- Founder: Mate Granić Vesna Škare-Ožbolt
- Founded: 2 April 2000
- Dissolved: 6 November 2015
- Split from: Croatian Democratic Union
- Merged into: Croatian Democratic Union
- Headquarters: 48 Ilica Street, Zagreb, Croatia
- Membership (2011): 17,300
- Ideology: Liberal conservatism
- Political position: Centre-right
- International affiliation: European People's Party (Observer)

= Democratic Centre (Croatia) =

The Democratic Centre (Demokratski centar; DC) was a minor Croatian center-right political party active in the 2000s. Originally established as an offshoot of the Croatian Democratic Union (HDZ) in 2000, the party eventually merged back into HDZ in 2015.

== History ==
The party was formed in April 2000 by former Croatian Democratic Union (HDZ) senior government officials Mate Granić and Vesna Škare-Ožbolt. They both left the conservative HDZ after the party's decisive defeat in the January 2000 election, and Mate Granić's defeat in the February 2000 presidential race.

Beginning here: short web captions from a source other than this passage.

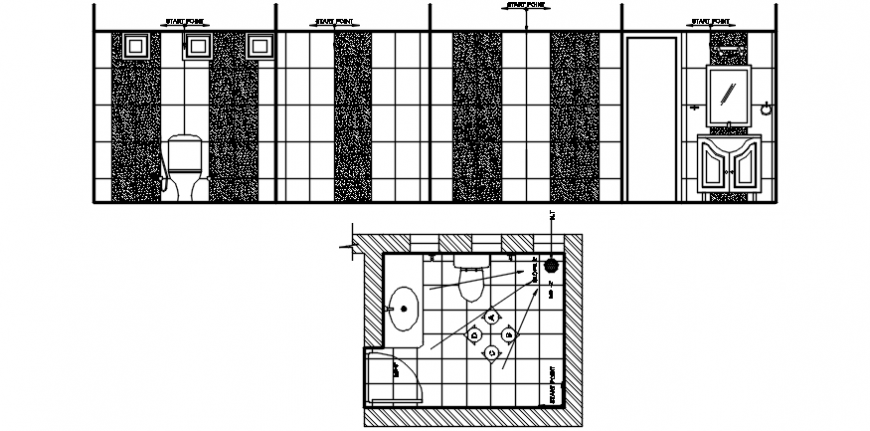 Main elevated section, plan and installation details of toilet dwg file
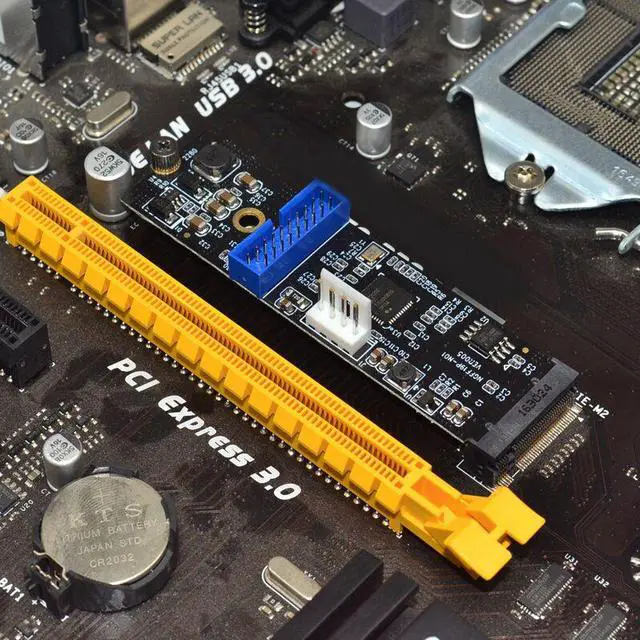 Alt view image 5 of 6 - Weastlinks M.2 NGFF NVME to USB 3.0 19Pin Header Convert Card NGFF to 2 Port USB3.0 Expansion Card Transfer Adapter IDE 4PIN Power Supply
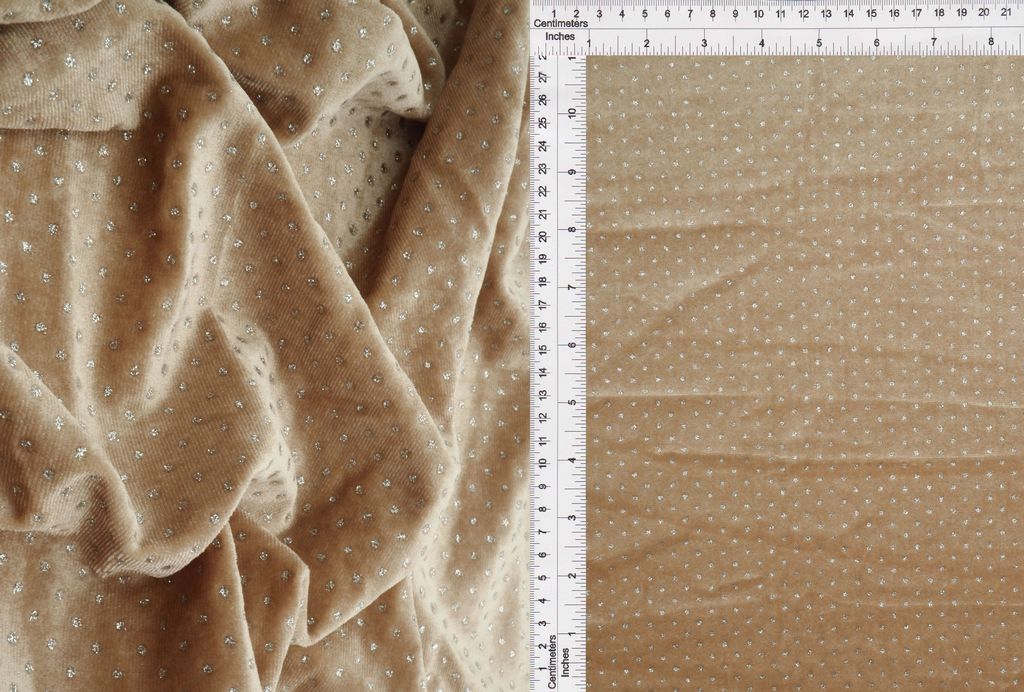 KNT4610 / KHAKI / 97%POLY 3%SPAN VELVET MINI POLKA DOT GLITTER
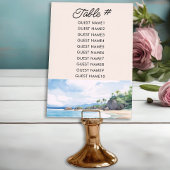 夏のビーチ ウォーターカラー結婚式 テーブル席札 招待状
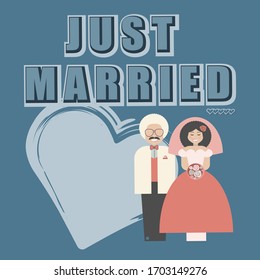 Wedding concept. Paper bride and groom. Congratulatory card just married. Retro flat cartoon style. Illustration for t shirts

The 2000 defeat, which came in the aftermath of the death of the party's longtime leader Franjo Tuđman, ousted HDZ after nearly a decade of being in power. In the ensuing internal power struggles, a number of factions, ranging from hard-line nationalists to center-right moderates, left to form their own parties. Granić, former foreign minister, and Škare-Ožbolt, a jurist, were among the more prominent moderates. When the party was formed, DC described themselves as a "modern democratic popular party with a European orientation, and a party advocating for a strong civil society."

Meanwhile Ivo Sanader prevailed as HDZ's new leader and began moving the party towards the center-right. In the 2003 general election DC was allied with HDZ, and, following HDZ's return to power, gained a single seat in the Croatian Parliament, and a single ministerial post in the Cabinet of Ivo Sanader I, as Škare-Ožbolt, the party's leader and their only representative elected to parliament, was appointed Justice Minister.

She held the post from December 2003 to February 2006, when she was forced to step down by Prime Minister Ivo Sanader following allegations that she leaked information to the media, although some media pundits ascribed her resignation to her prominent public stance and ministerial results which overshadowed HDZ ministers. After that, DC spent the rest of their existence in opposition.

In October 2002, the Democratic Centre became an observer member of the European People's Party (EPP).

In the 2007 general elections DC ran independently, entering coalition agreements with the Green Party in some constituencies. They failed to win any seats in the 153-seat parliament. Škare-Ožbolt also ran for President in the 2009–10 election as a formally independent candidate but only managed to win 37,373 or 1.89% of votes in the first round, finishing 11th out of twelve candidates.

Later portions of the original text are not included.